Newtown’s great unseen wound is the continuing toll the tragedy assesses on the mental health of people living here — not just those who suffered profound personal loss as a result of this crime, or the first-responders who confronted their worst nightmares that terrible day — but also the so-called “lucky” ones who have escaped that level of suffering. The pervasive stress that settled on the town after 12/14 may escape the notice of visitors. Townspeople feel it as they slowly work through their own responses to what happened, or worry about their children, family members, or neighbors who continue to have a more difficult time with it. The stress levels rise not only with the nerve-rattling chop of a helicopter overhead but also with the random thought in the quiet moment. And with the town’s emergent ethos of strength, resilience, and transformation, there comes a temptation for some to keep this wearing aspect of life hidden away.

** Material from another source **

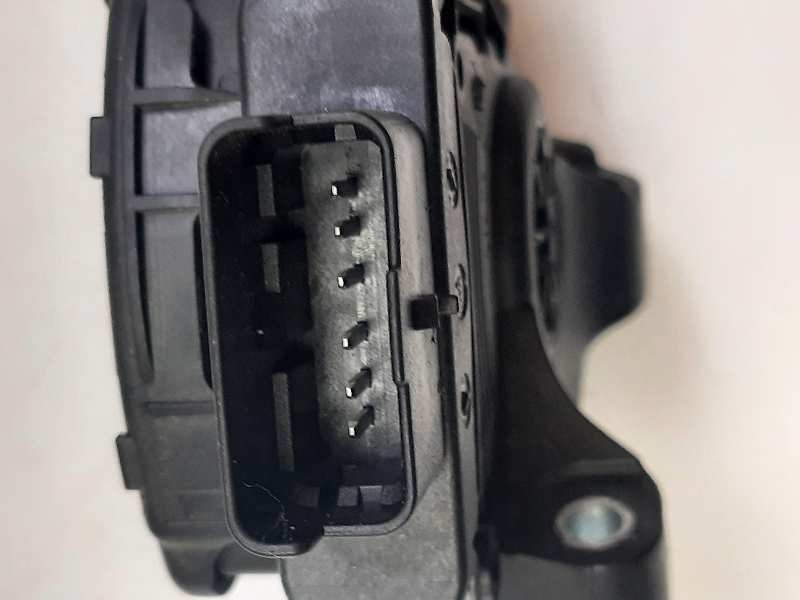Recambio de potenciometro pedal para citroen c3 feel referencia OEM IAM 6VP00994941 9671433780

Over time it becomes a destructive sort of voluntary nondisclosure.

Fortunately, Newtown has many mental health professionals offering an array of services that have been honed over the past ten months to respond to the urgent mental health needs of the community. And to help ensure access to this network of help when and where it is needed, temporary sources of funding have been made available through many generous grants and donations. But continuing access, in most cases, will depend how successful individuals are in getting coverage for mental health services through their health insurance companies.

In the wake of 12/14, legislators in Hartford heard parents testify that getting coverage for mental health services through insurance companies was an exercise in frustration. The insurers, they were told, seemed more interested in blocking access to services rather than facilitating it. It is not so much that insurance companies are malevolent, however. They are bureaucracies, with great appetites for process and information that tend to overwhelm individuals and families already struggling with the challenges of mental health problems.

Last week, the state’s Insurance Department came to the assistance of those trying to secure mental health services by releasing a “toolkit” that offers guidance on how to work with their health insurers to get the coverage they need. (See story.) The toolkit, developed in cooperation with the UConn Health Center and insurance companies, includes questions to ask, information to gather, and tips on appealing denied claims.

While mental health treatments and therapies are, and should remain, confidential matters, the mental health of our community is not something we should lose sight of. The more tools we have to ensure that mental health problems are not hidden away, kept out of sight, and ultimately ignored, the better our prospects for realizing the strength, resilience, and transformation we have set as our goals.